# tagging bears



## tlight0 (Aug 29, 2012)

I plan on hunting bear on cohutta. If I get lucky enough to harvest a bear, where is the closest place to take it to register (or whatever it's called) it? Thanks


----------



## xhunterx (Aug 29, 2012)

are you talking about archery hunting? If so once you kill the bear call the region 1 enforcement headquarters, they'll put you in touch with a ranger to meet you and tag it.  If you're hunting firearms hunts the checking station will be open and you'll get it tagged there.


----------



## tlight0 (Aug 30, 2012)

Thanks for the information. I will  be bow hunting in September. How many days do they allow after the kill to tag the bear?


----------



## xhunterx (Aug 31, 2012)

get  a copy of the georgia hunting regulations. all that info is in there. i think you have 24 hrs but i'm not sure


----------



## markland (Aug 31, 2012)

During archery season you have to call it in within 24hrs, it has been a painless process the last few times I have done it, the ranger even met me in my hometown to tag the bear for me.  I just had the hide and head frozen, he needed to pull and tooth, get some info on the bear and give me the CITES tag for it and your done.


----------



## GA DAWG (Aug 31, 2012)

Its 3 days now aint it?


----------



## markland (Aug 31, 2012)

Yeah ya got 3 days to get it tagged but you have to call in within 24 hours of the kill!


----------



## GA DAWG (Aug 31, 2012)

markland said:


> Yeah ya got 3 days to get it tagged but you have to call in within 24 hours of the kill!
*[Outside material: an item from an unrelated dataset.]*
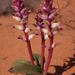 Lachenalia valeriae - Photo (c) Nick Helme, algunos derechos reservados (CC BY-SA), subido por Nick Helme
Plus you gotta sign it out on a wma aint ya?


----------



## markland (Aug 31, 2012)

Yes you have to sign out your bear on the kill sheet at the sign in station the day of the kill as well, you can do that on your way out.


----------



## 35 Whelen (Sep 2, 2012)

NORTHERN ZONE
In Banks, Barrow, Bartow, Catoosa, Chattooga, 
Cherokee, Dade, Dawson, Fannin, Floyd, 
Forsyth, Franklin, Gilmer, Gordon, Habersham, 
Hall, Hart, Jackson, Lumpkin, Madison, 
Murray, Pickens, Rabun, Stephens, Towns, 
Union, Walker, White, Whitfield Cos.:
•	Archery: Sept. 8–Oct. 12
•	 Primitive Weapons: Oct. 13–19
•	 Firearms: Oct. 20–Dec. 2
Hunting bears with dogs or over bait is prohibited. 

Harvested bears must be reported to 
personnel of the Wildlife Resources Division, 
Gainesville Office (770) 535-5700 or Armuchee 
Office (706) 295-6041 within 24 hours of harvest. 
After hours, call 1-800-241-4113. At a minimum, 
the hide and skull must be taken to the 
Gainesville or Armuchee office within 
3 business days of harvest for tagging. 
Harvested bears may also be checked at any 
WMA check station in the counties listed above 
that are open for a managed deer/bear/hog hunt 
between 8 a.m.–8 p.m. during the bear season.


----------